#### [The problem]
What you write should be an exact repeat of the lines from the one with "身材苗条小娇乳多毛穴 69吃鸡舔逼 被小哥快操猛怼操的娇喘不停" through the final line below, minus the pictures.

#### [Input for this task]

◇ ◇ ◇

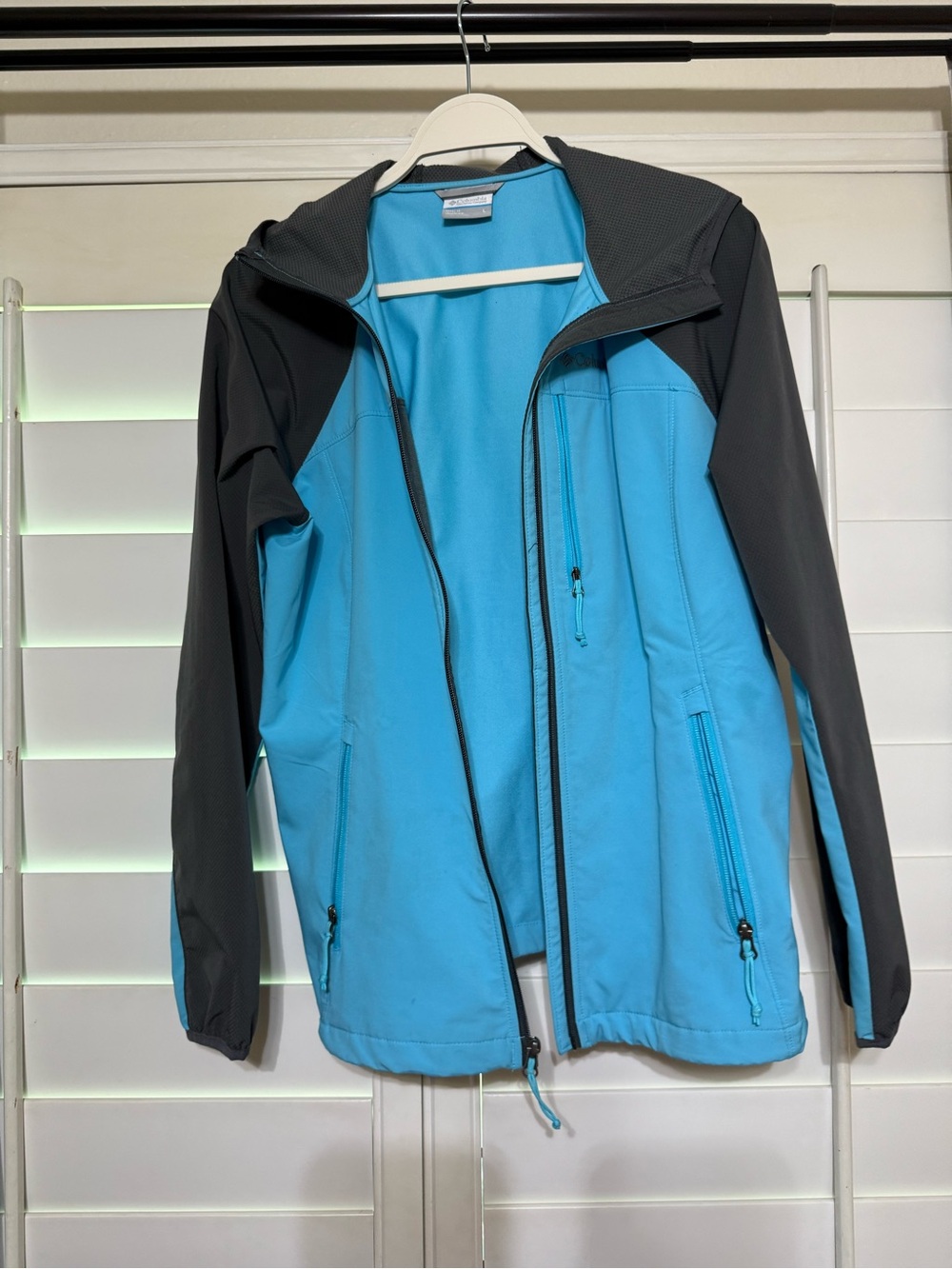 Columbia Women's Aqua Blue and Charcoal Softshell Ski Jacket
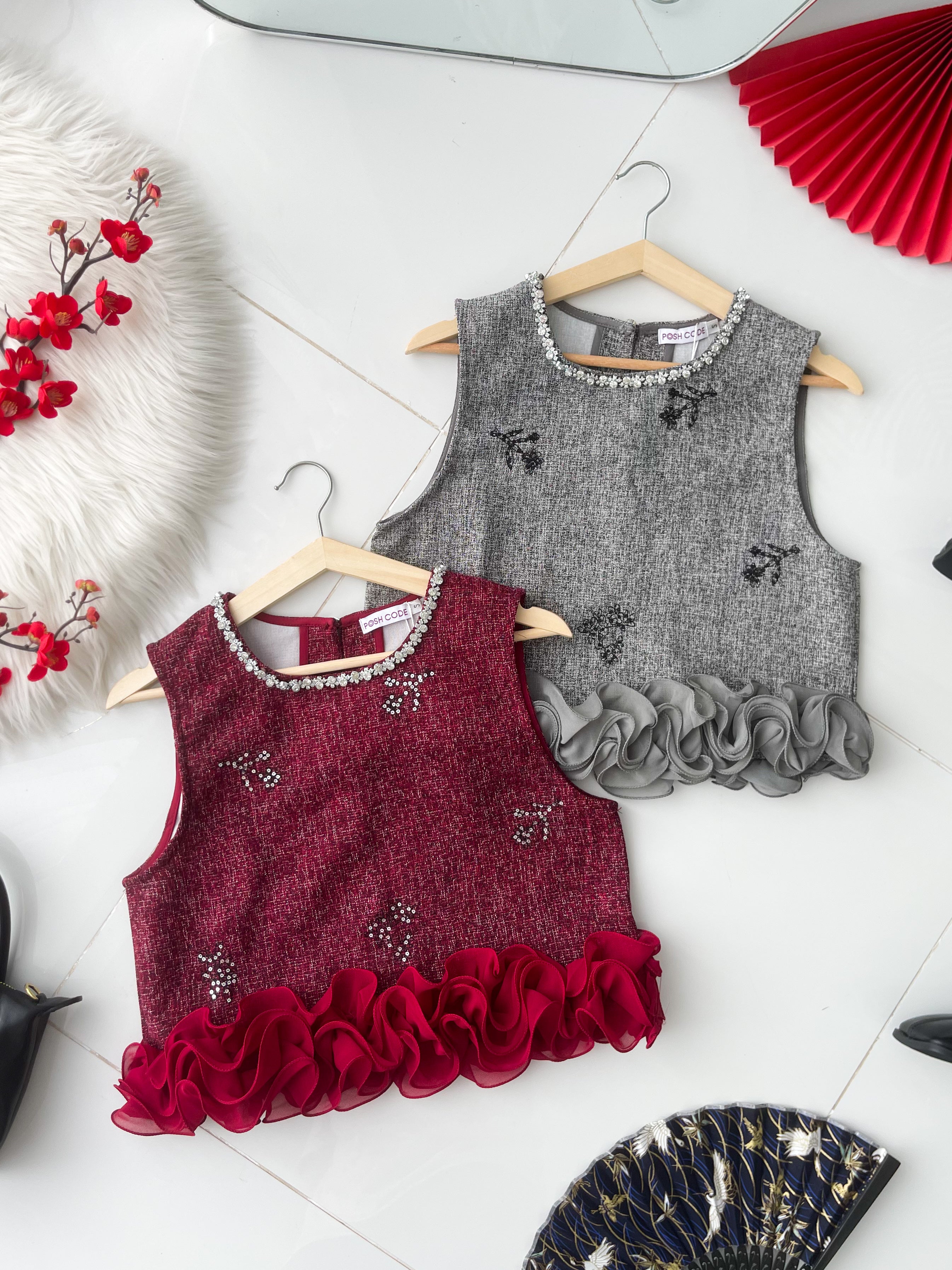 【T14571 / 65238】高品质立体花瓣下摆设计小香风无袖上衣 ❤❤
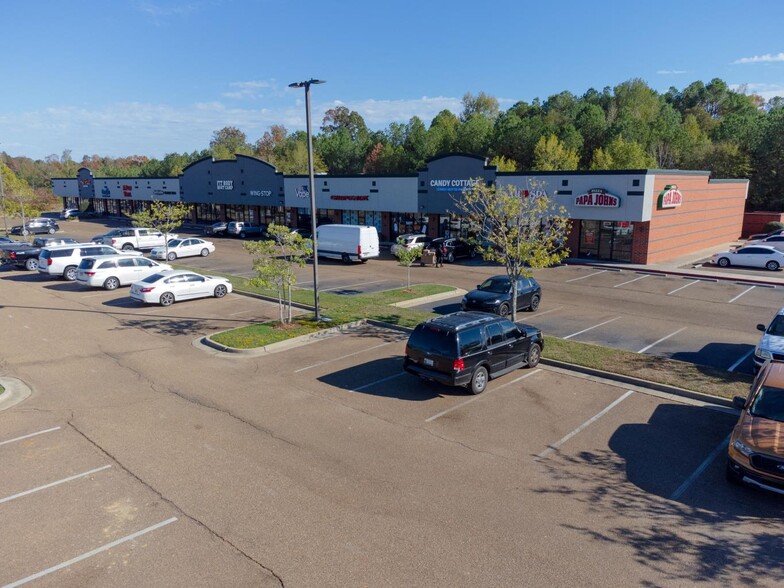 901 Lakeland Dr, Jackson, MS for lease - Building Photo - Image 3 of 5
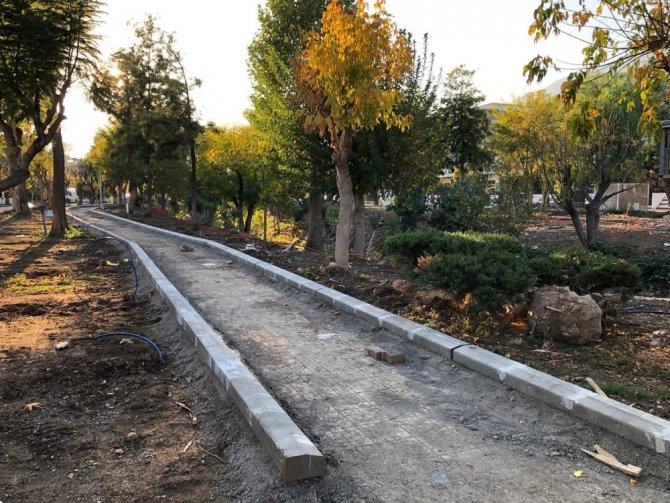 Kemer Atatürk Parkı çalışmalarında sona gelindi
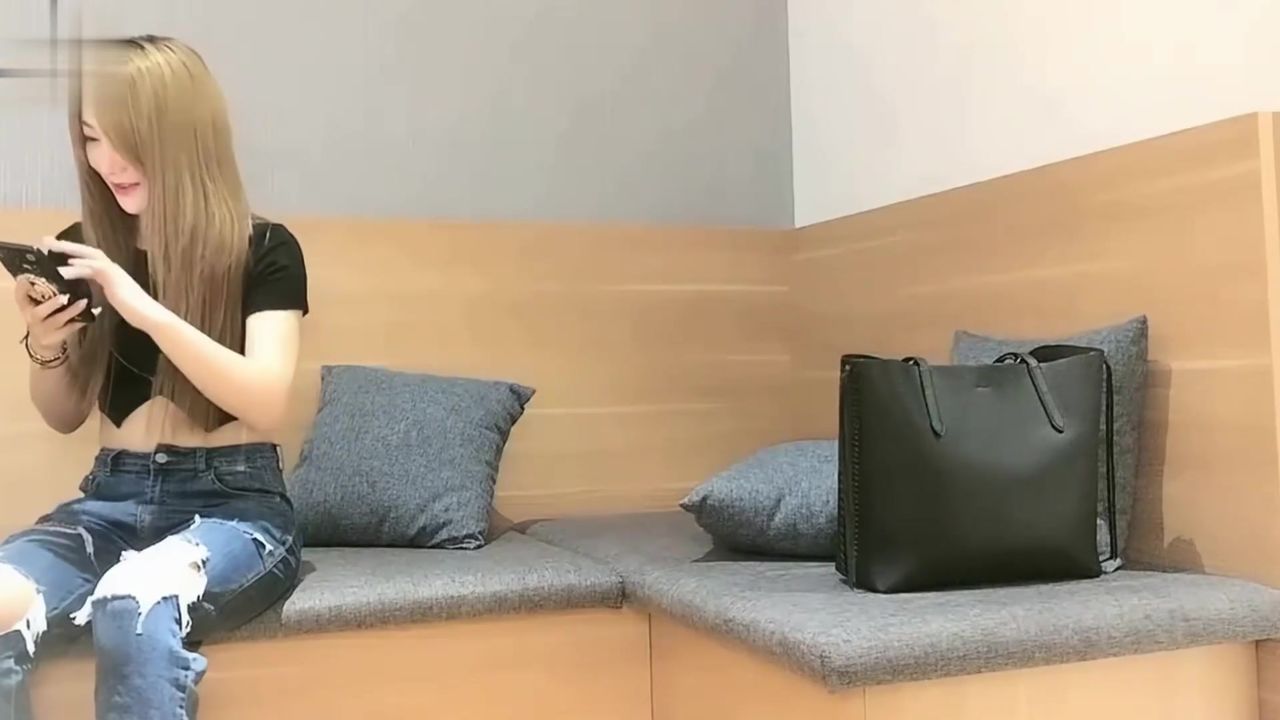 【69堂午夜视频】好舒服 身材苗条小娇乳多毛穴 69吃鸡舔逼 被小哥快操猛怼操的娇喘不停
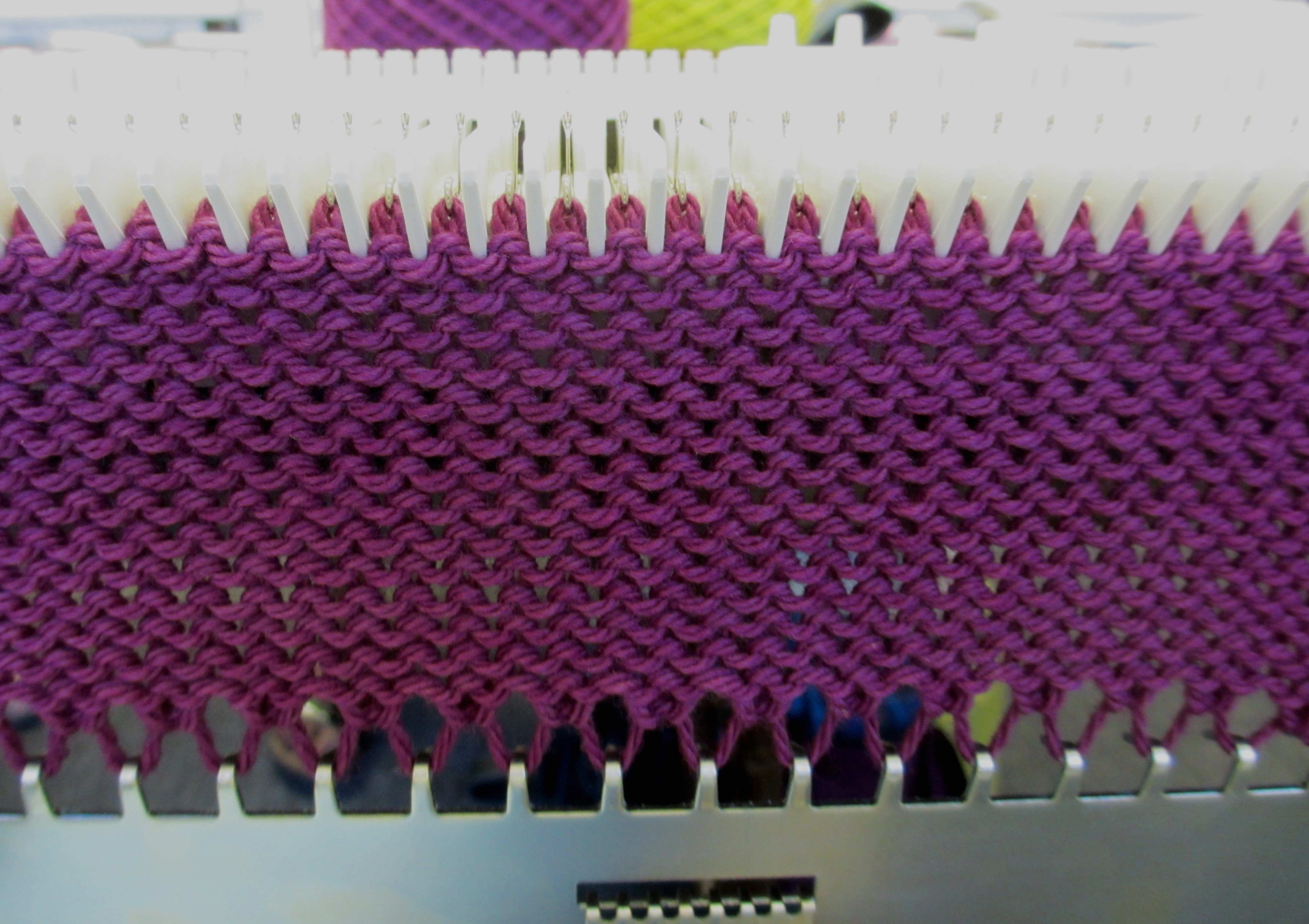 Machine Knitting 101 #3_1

◇ ◇ ◇

#### [Solved exercise]
 【69堂午夜视频】好舒服 身材苗条小娇乳多毛穴 69吃鸡舔逼 被小哥快操猛怼操的娇喘不停
 Machine Knitting 101 #3_1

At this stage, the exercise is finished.